40. A combination of formula I:

TC-AMC wherein

TC = a targeting component that specifically binds to a target molecule or cell, and

AMC an anti-microbial component comprising i) a polynucleotide that forms a metal nanocluster with at least three metal atoms, or is a polynucleotide that chelates at least one metal ion, or both, and an anti-microbial agent.

41. A combination of formula II:

AptPA-AMC wherein

42. A method of making an anti-microbial combination comprising : a) synthesizing a polynucleotide comprising a targeting component comprising a polynucleotide that specifically binds to a target molecule or cell, and an antimicrobial component comprising a nucleic acid sequence that forms a metal nanocluster with at least three metal atoms, or is a nucleic acid sequence that chelates at least one metal ion, or both, and b) associating the polynucleotide synthesized in a) with at least one antimicrobial agent to make the anti-microbial combination.

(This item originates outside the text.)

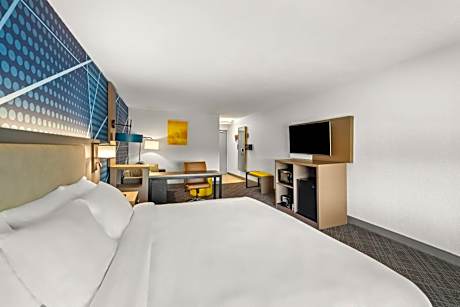 King Suite with Sofa Bed - Non Smoking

43. An anti-microbial combination made by the method of claim 42.

44. A composition comprising a polynucleotide as defined in claim 15 or an antimicrobial combination targeting component, or anti-microbial component as defined in claim 27, or a combination as defined in claim 40 or claim 41, and a carrier, diluent or excipient.

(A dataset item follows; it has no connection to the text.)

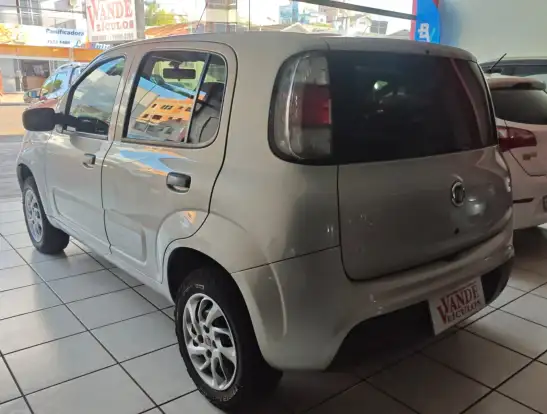 FIAT-UNO-2021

45. Use of a polynucleotide as defined in claim 15, an anti-microbial combination, a targeting component, or anti-microbial component as defined in claim 27, or a combination as defined in claim 40 or claim 41 in the manufacture of a medicament for treating microbial infection.

46. A method of treating a microbial infection comprising administering a

polynucleotide as defined in claim 15, an anti-microbial combination, a targeting component, or anti-microbial component as defined in claim 27, a combination as defined in claim 40 or claim 41, or a composition as defined in claim 42 to a subject in need thereof.

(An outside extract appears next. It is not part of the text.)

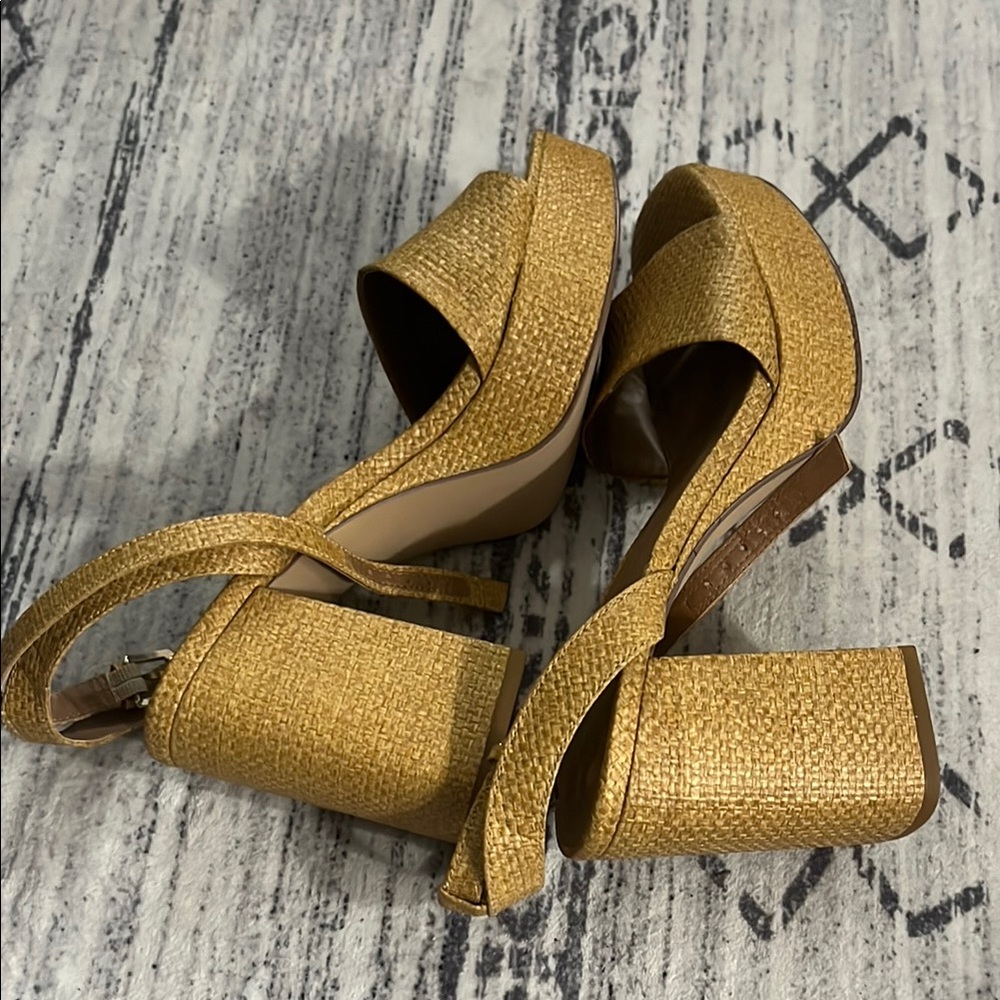 Elegant Gold Women's Platform Sandals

47. A polynucleotide as defined in claim 15, an anti-microbial combination, a targeting component, or anti-microbial component as defined in claim 27, a combination as defined in claim 40 or claim 41, or a composition as defined in claim 42 for use in treating, or when used to treat, microbial infection.

48. Use of an anti-microbial component in the manufacture of a medicament for treating microbial infection, wherein the anti-microbial component comprises a polynucleotide in association with an anti-microbial agent, wherein the polynucleotide comprises an i-motif structure and the anti-microbial agent is at least one metal ion.

49. A method of inhibiting the growth and/or proliferation of at least one bacterial species treating a microbial infection comprising administering an anti-microbial component to a subject in need thereof, wherein the anti-microbial component comprises a polynucleotide in association with an anti-microbial agent, wherein the polynucleotide comprises an i-motif structure and the anti-microbial agent is at least one metal ion.

50. An anti-microbial component for use in inhibiting the growth and/or proliferation of at least one bacterial species treating, or when used to treat, microbial infection, wherein the anti-microbial component comprises a polynucleotide in association with an anti-microbial agent, wherein the polynucleotide comprises an i-motif structure and the anti-microbial agent is at least one metal ion.

51. An anti-microbial component for use in treating, or when used to treat, microbial infection, wherein the anti-microbial component comprises a polynucleotide in association with an anti-microbial agent, wherein the polynucleotide comprises an i- motif structure and the anti-microbial agent is at least one metal ion.